Kiir is also known to be a good listener and a consensus politician. "He has always been prepared to be advised and consultative," Chan said. And he has already made efforts to bring critics and opponents of the SPLM into government, notes Christopher Kidner, programme director at the Rift Valley Institute. "He has made great efforts to keep a united country. I think he will continue along similar lines," he said.

Fouad Hikmat, International Crisis Group special adviser on the African Union and Sudan, regards the relationship between Kiir and Riek Machar, the vice-president of South Sudan, who belongs to Nuer, the second largest ethnic group in the region, as key to ensuring the south remains stable.

"At the moment I think the relationship is going well. Both of them recognise the importance of each other," Hikmat said. "Machar is powerful and he is not shy of taking a decision. He has a large constituency with the Nuer who are highly militarised and whose tribal areas have most of the oil in the south. Kiir needs to keep them in the garden."

The difficulty of keeping South Sudan’s tribes together has been evident in the past. In 1991, Machar decided to split from the Sudan People’s Liberation Army and form his own rebel faction. Part of this split was ideological – Machar has always been a secessionist, while Garang wasn’t – but it was also about gaining greater influence for the Nuer.

Observers say that this split caused the southern rebel movement great harm during the Nineties. Now that South Sudan is heading for independence, the ability of the Sudanese leadership to keep the tribes together will be tested again.

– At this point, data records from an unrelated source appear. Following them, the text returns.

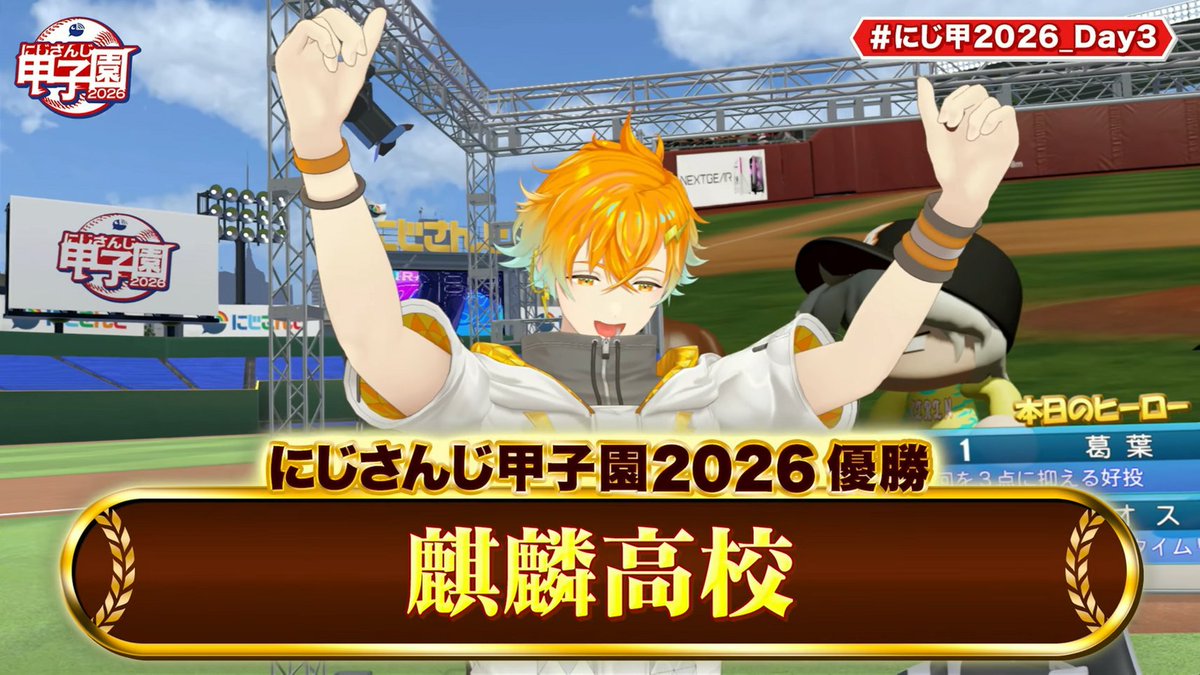 y___oxo23's tweet photo. いい試合だった！！
サヨナラ勝ち！優勝おめでとう！✨🥇🏆✨
宇佐美監督も麒麟高校の選手たちもおめでとう！！！
初監督で初優勝！！✨
アツい試合だった！いい夏になった！！
皆様お疲れ様でしたー！
#にじ甲2026_Day3 https://t.co/i4M9LNAedv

Inevitably, Kiir is compared to the hugely charismatic Garang, but there are clear differences between the two. Unlike Kiir, Garang was seen as autocratic and brutal. And there were ideological distinctions too. Garang was always ambivalent about independence for South Sudan, while Kiir became convinced that it was the best option.

Recalling Garang's death, Gillian Lusk, who is an associate editor of Africa Confidential and has reported from Sudan for over 30 year, said, "I bumped into a southerner who is now a [member of parliament]. He told me that everybody was crying when Garang died but that it may be a blessing in disguise as they have to move away from one-man rule."

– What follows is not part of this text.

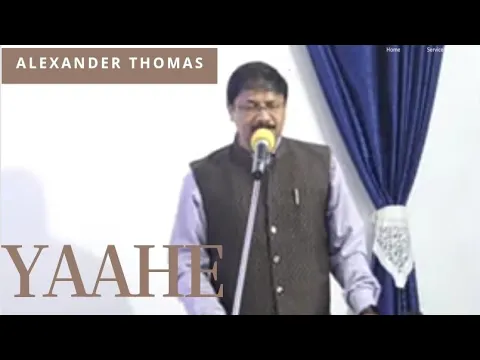 Lyricspandits: The Best Way To Explore Lyrics With Meannings Latest Bhajan Lyrics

Garang, she continued, may have been intellectually brilliant and a compelling figure but "was ruthless and not a democrat".

His vision, she went on, was also markedly different from that of Kiir, "Garang wanted this new united Sudan. Not many in the south supported it but then everybody was fighting for the south. Their priority was to fight first and sort out the details later."

As well as uniting South Sudan's diverse tribal and ethnic groups, Kiir will face more immediate challenges, such as the task of state-building itself. "The greatest challenges I see for the country are in its infrastructure," Chan said, pointing to particular problems such as the development of telecommunications. "To build those things, you need a lot of security."

And there is the sensitive issue of negotiating the new state's relationship with Khartoum.

"The main challenges for the leadership are discussions on post-referendum issues such as oil, borders, identity, security and political and economic government," Hikmat said. "These talks must be done in such a way that they do not diminish the rights of southerners but also do not weaken the north. The inter-dependency is very high."

But, added Hikmat, Kiir "likes inclusiveness - and is the right man to build a consensus".

Michael Klimes is IWPR intern in London.